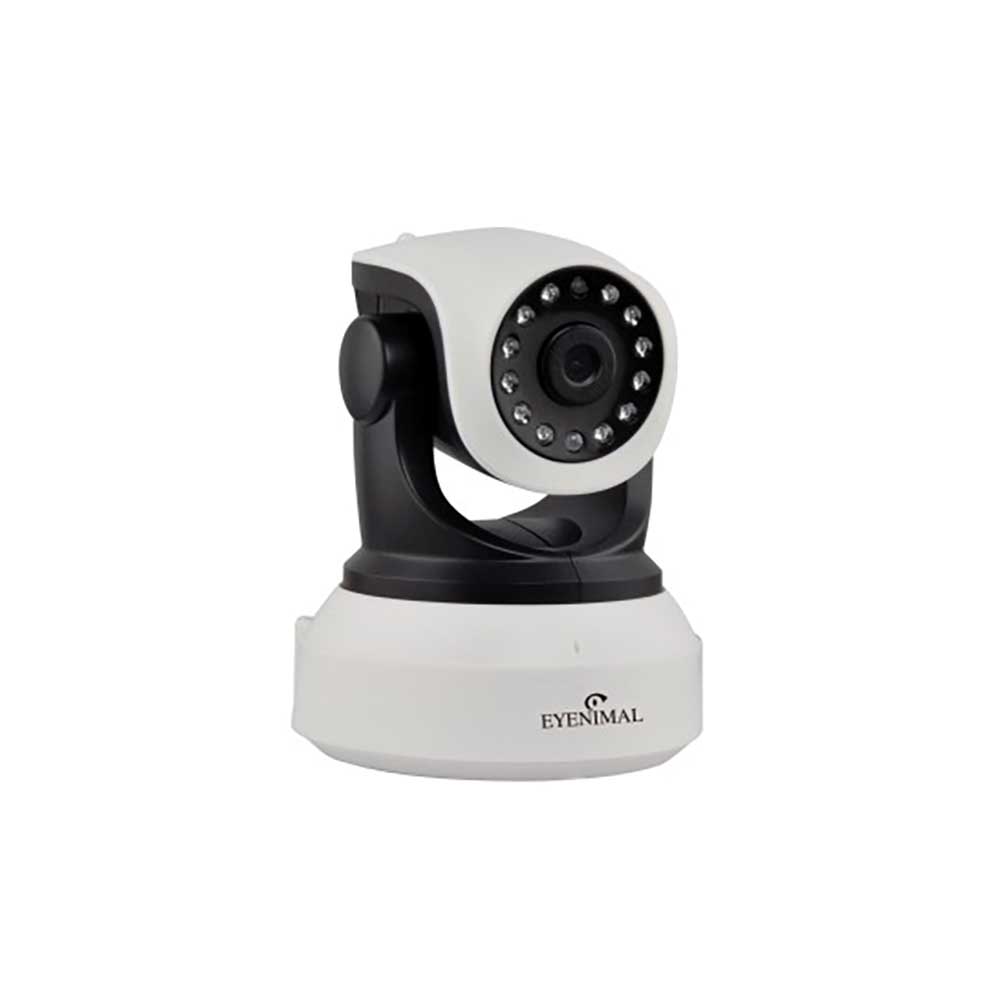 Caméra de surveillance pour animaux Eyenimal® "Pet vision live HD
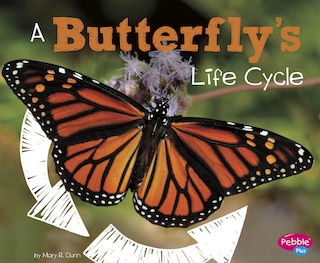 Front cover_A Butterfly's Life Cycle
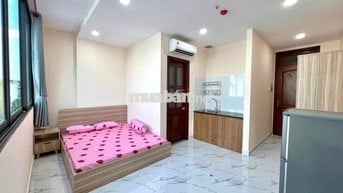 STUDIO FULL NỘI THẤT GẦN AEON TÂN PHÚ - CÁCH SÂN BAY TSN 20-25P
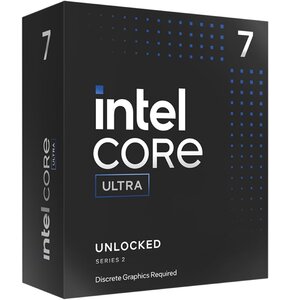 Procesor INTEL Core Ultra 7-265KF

==

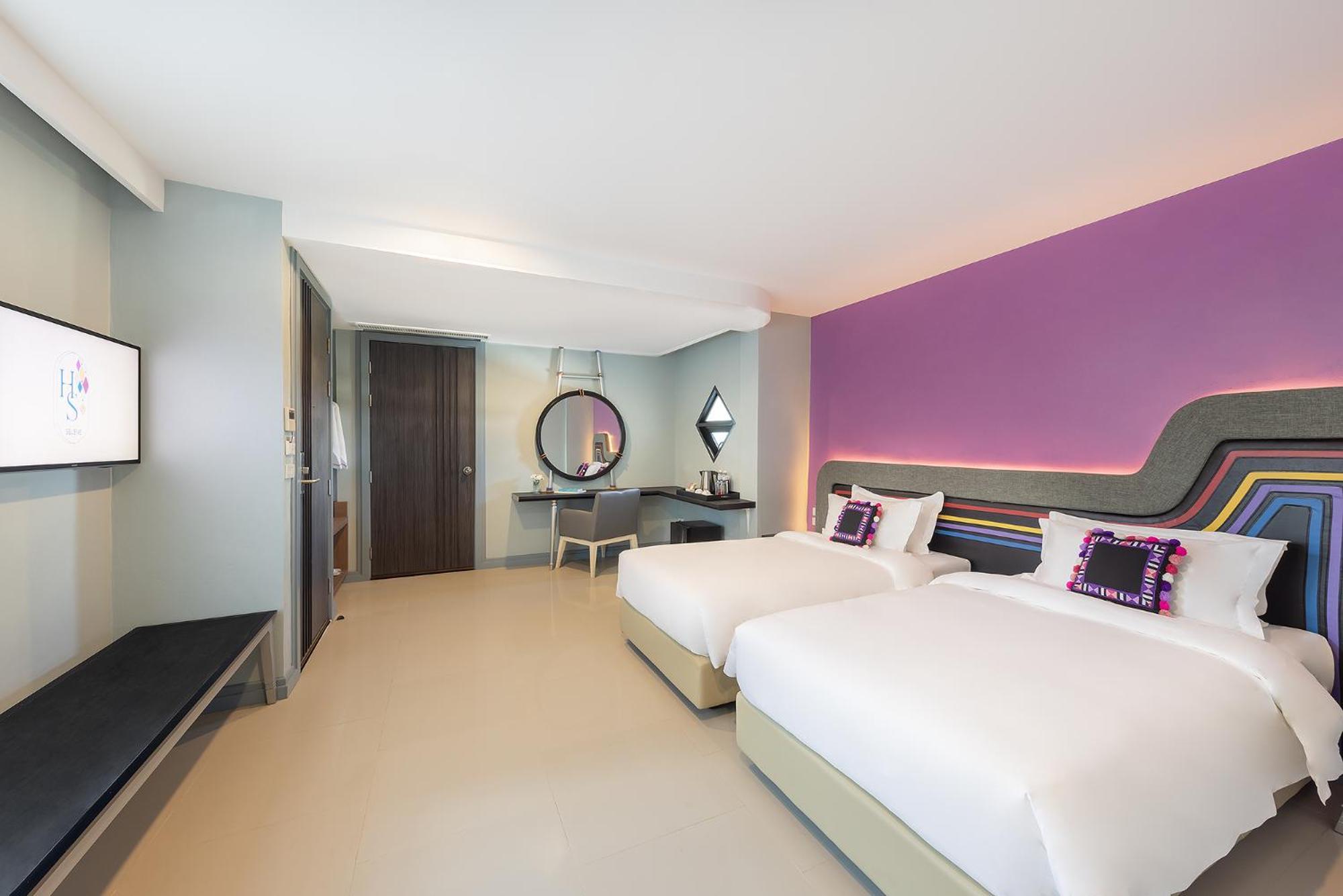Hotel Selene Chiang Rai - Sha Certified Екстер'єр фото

§ WHAT NEEDS TO BE DONE
Copy the lines above exactly, starting with the line that contains "Caméra de surveillance" and ending with the line that contains "Procesor INTEL Core Ultra 7-265KF", and leave out any pictures.

§ REPLY TO THE TASK
 Caméra de surveillance pour animaux Eyenimal® "Pet vision live HD
 Front cover_A Butterfly's Life Cycle
 STUDIO FULL NỘI THẤT GẦN AEON TÂN PHÚ - CÁCH SÂN BAY TSN 20-25P
 Procesor INTEL Core Ultra 7-265KF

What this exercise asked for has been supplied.